### WORK TASK
Please transcribe exactly the lines from the line holding "Lieder nach verschiedenen" through the end of the data below, and skip any pictures.

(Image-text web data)
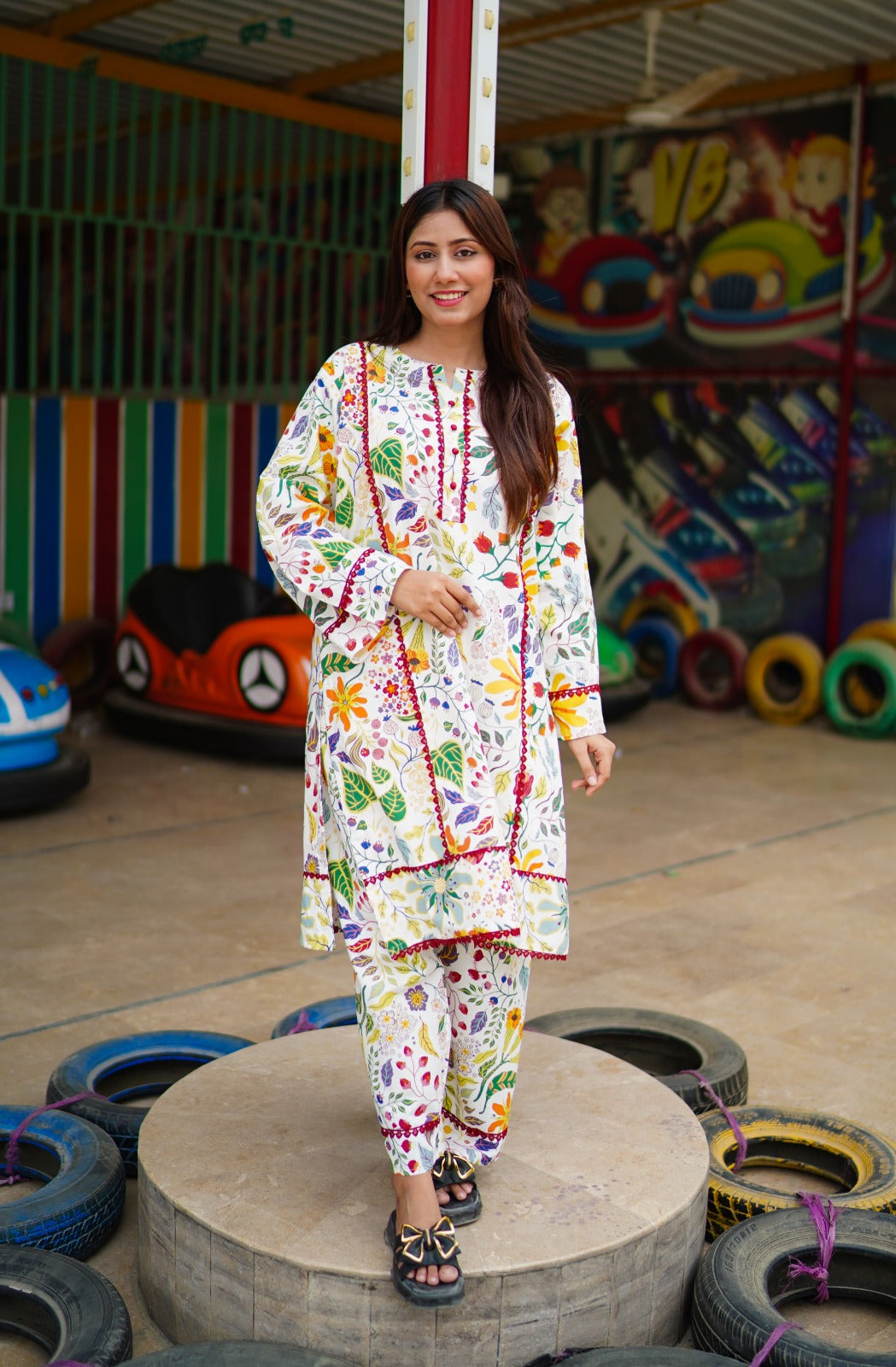 Printed Soft Cotton Co-Ords Set
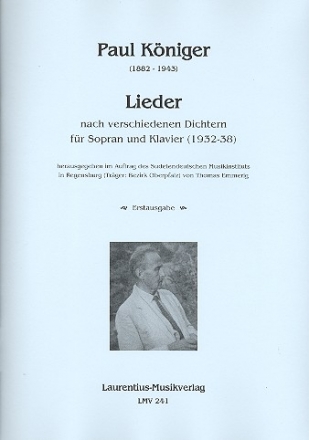 Lieder nach verschiedenen Dichtern fr Sopran und Klavier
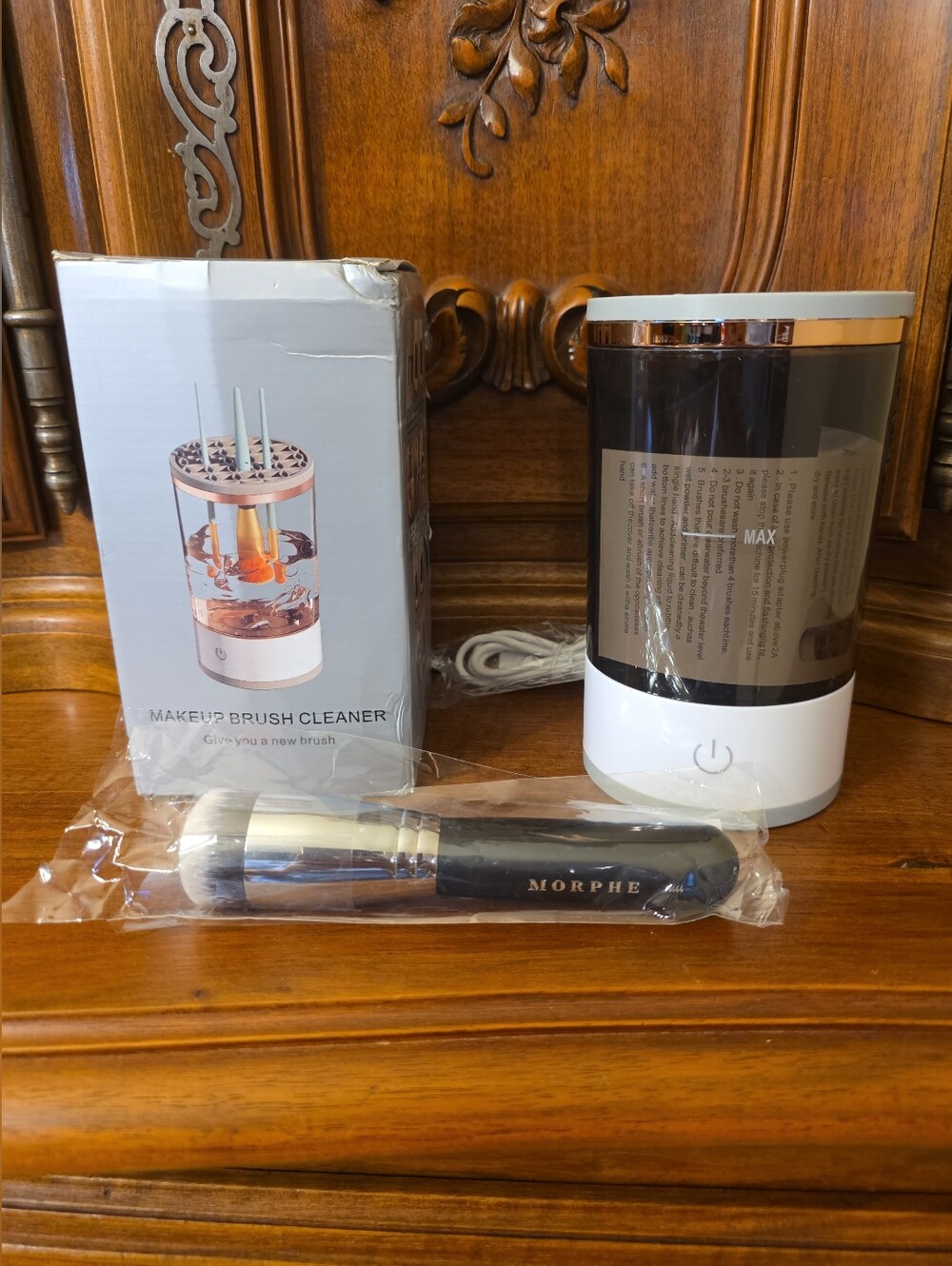Makeup Brush Cleaner & Morphe Brush--NIB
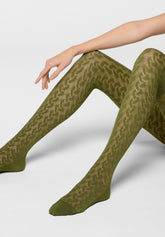 Collant Bio-Derived Sneakers Wave - Verde - Botanic | Oroblù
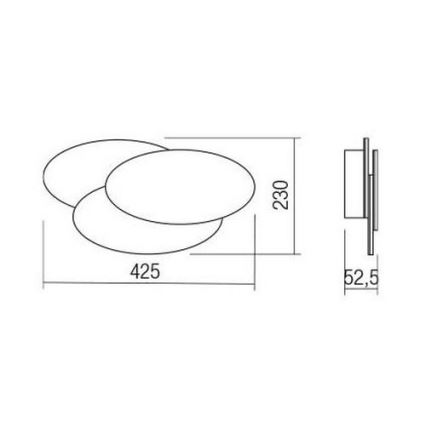 Redo 01-2297 - LED стенен аплик GAMER LED/36W/230V бял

### RESPONSE AREA
 Lieder nach verschiedenen Dichtern fr Sopran und Klavier
Makeup Brush Cleaner & Morphe Brush--NIB
 Collant Bio-Derived Sneakers Wave - Verde - Botanic | Oroblù
 Redo 01-2297 - LED стенен аплик GAMER LED/36W/230V бял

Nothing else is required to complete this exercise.